|
IT
Wage Costs Heading North
The Financial Express, June 7, 2004
The Indian software and
services industry is slowly turning into an expensive destination
for companies looking at outsourcing, if one was to track
the labour costs. According to National Association of Software
and Service Companies (Nasscom) president Kiran Karnik, labour
costs have risen by more than 15 per cent across the software
and services sector in the last one year.
“In the coming years,
companies in the IT software and services sector will have
to move up the value chain. Companies specialising in intellectual
property rights, IT infrastructure management and HR business
process outsourcings will be able to drive a good price for
their services,” Mr Karnik said.
India still enjoys the
numero uno position as a low-cost option for companies looking
at outsourcing. However, new destinations like China, Czechoslovakia,
Vietnam and Philippines, are becoming popular for low-end
work like call centre and maintenance, QAI managing director
Navyug Mohnot said.
QAI offers consultancy
to software and services companies.
“Costs are up by 25-30
per cent from last year, primarily due to wage costs that
have increased 15-20 per cent. Rupee appreciation also added
to the costs,” Mr Mohnot said.
Mr Mohnot’s advice is
quite similar to Nasscom’s: It is high time that the companies
accelerated their high-end offerings. Companies can achieve
competitiveness by engaging in high-end innovative IP work.

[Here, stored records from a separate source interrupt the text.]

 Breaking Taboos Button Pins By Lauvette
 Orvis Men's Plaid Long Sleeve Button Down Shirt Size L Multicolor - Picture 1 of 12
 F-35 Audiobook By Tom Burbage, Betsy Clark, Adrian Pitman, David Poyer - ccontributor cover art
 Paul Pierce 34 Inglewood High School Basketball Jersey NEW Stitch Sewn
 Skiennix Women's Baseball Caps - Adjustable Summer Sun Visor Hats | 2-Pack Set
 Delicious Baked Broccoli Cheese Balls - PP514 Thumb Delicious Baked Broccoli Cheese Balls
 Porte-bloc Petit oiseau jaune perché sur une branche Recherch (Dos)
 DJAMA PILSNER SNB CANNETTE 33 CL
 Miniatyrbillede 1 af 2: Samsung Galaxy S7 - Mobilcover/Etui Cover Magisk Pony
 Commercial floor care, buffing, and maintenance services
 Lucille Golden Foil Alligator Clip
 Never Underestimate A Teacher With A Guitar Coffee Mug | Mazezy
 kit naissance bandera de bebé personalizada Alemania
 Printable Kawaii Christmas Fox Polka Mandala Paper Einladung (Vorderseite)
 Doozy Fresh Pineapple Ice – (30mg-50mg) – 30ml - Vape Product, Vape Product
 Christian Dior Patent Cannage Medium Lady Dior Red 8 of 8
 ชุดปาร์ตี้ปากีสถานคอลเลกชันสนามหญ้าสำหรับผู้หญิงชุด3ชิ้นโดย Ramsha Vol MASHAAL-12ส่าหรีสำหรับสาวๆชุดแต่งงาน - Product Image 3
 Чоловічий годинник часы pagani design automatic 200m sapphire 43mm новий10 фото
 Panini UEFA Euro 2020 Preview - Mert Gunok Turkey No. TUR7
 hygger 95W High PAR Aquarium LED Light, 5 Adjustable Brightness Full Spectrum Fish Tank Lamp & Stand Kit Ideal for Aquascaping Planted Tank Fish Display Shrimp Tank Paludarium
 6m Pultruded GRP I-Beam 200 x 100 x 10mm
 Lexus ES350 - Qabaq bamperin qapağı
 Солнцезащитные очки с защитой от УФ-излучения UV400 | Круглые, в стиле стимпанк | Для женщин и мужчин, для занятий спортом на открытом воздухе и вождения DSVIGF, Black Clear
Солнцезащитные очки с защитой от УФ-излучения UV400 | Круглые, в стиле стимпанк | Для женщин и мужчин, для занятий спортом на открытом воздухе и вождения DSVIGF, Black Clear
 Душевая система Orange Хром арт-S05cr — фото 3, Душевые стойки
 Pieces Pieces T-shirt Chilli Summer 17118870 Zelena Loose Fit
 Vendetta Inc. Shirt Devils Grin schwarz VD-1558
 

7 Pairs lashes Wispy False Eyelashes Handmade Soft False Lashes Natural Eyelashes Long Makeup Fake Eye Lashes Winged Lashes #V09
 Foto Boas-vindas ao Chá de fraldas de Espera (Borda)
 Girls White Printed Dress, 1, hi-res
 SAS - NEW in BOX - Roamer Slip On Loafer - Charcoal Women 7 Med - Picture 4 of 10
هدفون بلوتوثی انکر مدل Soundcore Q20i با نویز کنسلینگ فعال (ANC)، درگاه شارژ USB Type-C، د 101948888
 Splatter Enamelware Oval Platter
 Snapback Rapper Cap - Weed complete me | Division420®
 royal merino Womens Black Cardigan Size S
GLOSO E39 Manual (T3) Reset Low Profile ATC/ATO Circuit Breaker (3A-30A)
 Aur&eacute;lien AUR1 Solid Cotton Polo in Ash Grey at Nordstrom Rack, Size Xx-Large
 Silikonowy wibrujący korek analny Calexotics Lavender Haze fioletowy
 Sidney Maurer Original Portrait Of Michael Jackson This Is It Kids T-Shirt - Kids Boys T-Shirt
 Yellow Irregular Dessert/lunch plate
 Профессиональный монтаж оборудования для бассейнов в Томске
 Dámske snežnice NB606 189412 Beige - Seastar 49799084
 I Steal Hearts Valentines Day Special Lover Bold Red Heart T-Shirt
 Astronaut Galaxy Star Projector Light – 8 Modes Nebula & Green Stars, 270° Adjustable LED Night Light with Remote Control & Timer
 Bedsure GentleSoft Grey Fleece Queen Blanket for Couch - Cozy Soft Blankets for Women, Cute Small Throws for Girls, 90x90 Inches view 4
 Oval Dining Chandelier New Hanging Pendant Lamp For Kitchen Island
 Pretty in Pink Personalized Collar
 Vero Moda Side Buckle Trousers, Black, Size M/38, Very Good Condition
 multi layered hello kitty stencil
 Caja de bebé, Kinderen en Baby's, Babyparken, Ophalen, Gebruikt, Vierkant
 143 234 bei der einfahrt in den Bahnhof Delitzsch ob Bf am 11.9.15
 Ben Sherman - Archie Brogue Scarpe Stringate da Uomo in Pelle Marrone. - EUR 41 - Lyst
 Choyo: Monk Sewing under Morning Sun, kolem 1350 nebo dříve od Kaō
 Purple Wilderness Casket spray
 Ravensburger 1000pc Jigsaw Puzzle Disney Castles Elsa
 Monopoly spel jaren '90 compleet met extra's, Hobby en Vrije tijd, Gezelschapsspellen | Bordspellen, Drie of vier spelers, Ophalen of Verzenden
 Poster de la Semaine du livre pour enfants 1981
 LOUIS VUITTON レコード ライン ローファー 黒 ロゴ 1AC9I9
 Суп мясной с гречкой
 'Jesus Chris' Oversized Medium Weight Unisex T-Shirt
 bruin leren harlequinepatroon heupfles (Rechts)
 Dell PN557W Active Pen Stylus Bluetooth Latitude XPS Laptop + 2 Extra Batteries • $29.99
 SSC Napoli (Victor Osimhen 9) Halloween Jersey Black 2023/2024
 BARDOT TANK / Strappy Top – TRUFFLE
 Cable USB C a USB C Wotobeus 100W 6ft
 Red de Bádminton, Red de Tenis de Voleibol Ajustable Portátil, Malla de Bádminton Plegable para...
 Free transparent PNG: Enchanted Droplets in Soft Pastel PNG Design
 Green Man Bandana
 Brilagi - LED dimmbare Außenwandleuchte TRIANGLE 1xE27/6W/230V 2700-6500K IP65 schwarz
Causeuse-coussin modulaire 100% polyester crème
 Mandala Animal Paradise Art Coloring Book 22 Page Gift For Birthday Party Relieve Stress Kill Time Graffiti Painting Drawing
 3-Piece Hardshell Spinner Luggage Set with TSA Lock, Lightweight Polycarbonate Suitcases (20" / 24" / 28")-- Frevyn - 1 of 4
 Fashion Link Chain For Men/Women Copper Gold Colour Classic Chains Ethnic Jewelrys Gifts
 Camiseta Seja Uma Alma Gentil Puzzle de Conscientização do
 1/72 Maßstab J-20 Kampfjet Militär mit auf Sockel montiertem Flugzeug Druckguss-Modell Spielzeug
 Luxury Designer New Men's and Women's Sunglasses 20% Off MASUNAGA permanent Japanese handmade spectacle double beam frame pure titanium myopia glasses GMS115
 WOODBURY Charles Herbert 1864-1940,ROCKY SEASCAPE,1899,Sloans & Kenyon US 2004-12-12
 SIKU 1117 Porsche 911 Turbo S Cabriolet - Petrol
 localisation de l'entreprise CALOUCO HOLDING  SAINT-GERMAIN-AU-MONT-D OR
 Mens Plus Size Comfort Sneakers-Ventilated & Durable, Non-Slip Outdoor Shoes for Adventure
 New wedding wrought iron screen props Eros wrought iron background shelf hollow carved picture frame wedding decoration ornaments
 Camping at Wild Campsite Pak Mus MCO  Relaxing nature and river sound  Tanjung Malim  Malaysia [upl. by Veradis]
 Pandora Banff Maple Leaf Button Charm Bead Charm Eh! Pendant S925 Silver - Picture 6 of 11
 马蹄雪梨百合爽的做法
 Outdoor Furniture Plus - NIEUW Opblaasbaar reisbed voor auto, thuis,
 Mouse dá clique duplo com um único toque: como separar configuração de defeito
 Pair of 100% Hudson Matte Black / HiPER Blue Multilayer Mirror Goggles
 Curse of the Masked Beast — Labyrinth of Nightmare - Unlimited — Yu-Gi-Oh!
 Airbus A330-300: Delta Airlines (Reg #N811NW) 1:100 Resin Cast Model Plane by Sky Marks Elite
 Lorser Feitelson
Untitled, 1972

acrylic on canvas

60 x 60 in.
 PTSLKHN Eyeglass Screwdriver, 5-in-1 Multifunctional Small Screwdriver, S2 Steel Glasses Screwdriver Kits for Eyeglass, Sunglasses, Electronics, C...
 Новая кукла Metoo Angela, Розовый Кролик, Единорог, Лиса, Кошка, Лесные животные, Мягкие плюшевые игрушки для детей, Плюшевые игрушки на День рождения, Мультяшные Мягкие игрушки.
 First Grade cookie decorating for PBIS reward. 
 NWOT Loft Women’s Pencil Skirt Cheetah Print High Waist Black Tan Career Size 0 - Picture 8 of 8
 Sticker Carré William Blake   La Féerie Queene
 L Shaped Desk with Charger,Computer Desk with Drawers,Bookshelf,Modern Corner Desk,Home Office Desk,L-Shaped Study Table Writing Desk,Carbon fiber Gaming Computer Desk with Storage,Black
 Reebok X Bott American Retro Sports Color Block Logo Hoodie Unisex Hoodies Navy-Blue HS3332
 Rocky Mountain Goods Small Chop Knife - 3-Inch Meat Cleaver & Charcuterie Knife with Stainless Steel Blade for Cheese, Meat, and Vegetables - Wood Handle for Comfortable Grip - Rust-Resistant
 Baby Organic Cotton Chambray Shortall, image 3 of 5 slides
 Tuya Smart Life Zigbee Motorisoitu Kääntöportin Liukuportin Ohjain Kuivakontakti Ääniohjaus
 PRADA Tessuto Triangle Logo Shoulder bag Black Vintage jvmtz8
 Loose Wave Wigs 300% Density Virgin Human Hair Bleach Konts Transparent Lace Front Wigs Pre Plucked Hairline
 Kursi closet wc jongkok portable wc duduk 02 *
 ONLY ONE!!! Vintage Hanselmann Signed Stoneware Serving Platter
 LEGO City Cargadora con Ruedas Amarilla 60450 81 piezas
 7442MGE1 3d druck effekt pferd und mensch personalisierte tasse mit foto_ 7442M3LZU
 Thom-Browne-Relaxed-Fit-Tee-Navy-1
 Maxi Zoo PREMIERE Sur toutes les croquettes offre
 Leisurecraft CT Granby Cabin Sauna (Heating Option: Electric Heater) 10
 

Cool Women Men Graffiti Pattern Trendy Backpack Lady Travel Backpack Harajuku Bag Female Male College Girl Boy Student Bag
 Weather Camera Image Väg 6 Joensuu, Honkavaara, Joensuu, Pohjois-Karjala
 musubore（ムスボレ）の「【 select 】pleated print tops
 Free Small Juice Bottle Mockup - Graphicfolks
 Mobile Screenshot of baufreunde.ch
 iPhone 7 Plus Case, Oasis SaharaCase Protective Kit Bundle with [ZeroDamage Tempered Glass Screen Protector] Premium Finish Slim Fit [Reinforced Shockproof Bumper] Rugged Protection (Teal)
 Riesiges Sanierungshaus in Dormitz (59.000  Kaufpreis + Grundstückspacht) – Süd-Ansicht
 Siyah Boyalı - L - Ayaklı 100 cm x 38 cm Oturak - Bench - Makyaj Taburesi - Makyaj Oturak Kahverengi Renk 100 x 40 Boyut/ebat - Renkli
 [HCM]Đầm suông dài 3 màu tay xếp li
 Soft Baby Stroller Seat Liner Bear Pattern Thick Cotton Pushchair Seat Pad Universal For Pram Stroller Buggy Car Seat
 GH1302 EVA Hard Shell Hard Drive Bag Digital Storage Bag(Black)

Cost is a driver for outsourced
work making its way to India. Yet, it is not the only driver,
say experts.
“Costs have been the prime
driver for outsourcing to India, but it’s not the only factor.
India remains the choicest destination because of skill sets,
both soft and IT,” NeoIT managing director Avinash Vashistha
said.
NeoIT is a Bangalore and
US-based consulting firm on outsourcing.
For business process outsourcing
(BPO), the best bet will be to focus on areas like end-to-end
processes rather than handling a piece of the entire process,
high-end work like analytics and back-office work
“Moving up the value chain
will require high investments and BPO companies should seriously
look at this. There are alarm bells ringing that indicate
we must protect all the advantages that India offers and not
let wages go up due to internal competition for a larger labour
pool,” EXL Service Pvt Ltd vice-president human resource Deepak
Dhawan said.
Mr Dhawan indicated that
concentration in select locations by BPO companies is largely
responsible for the increase in wage costs.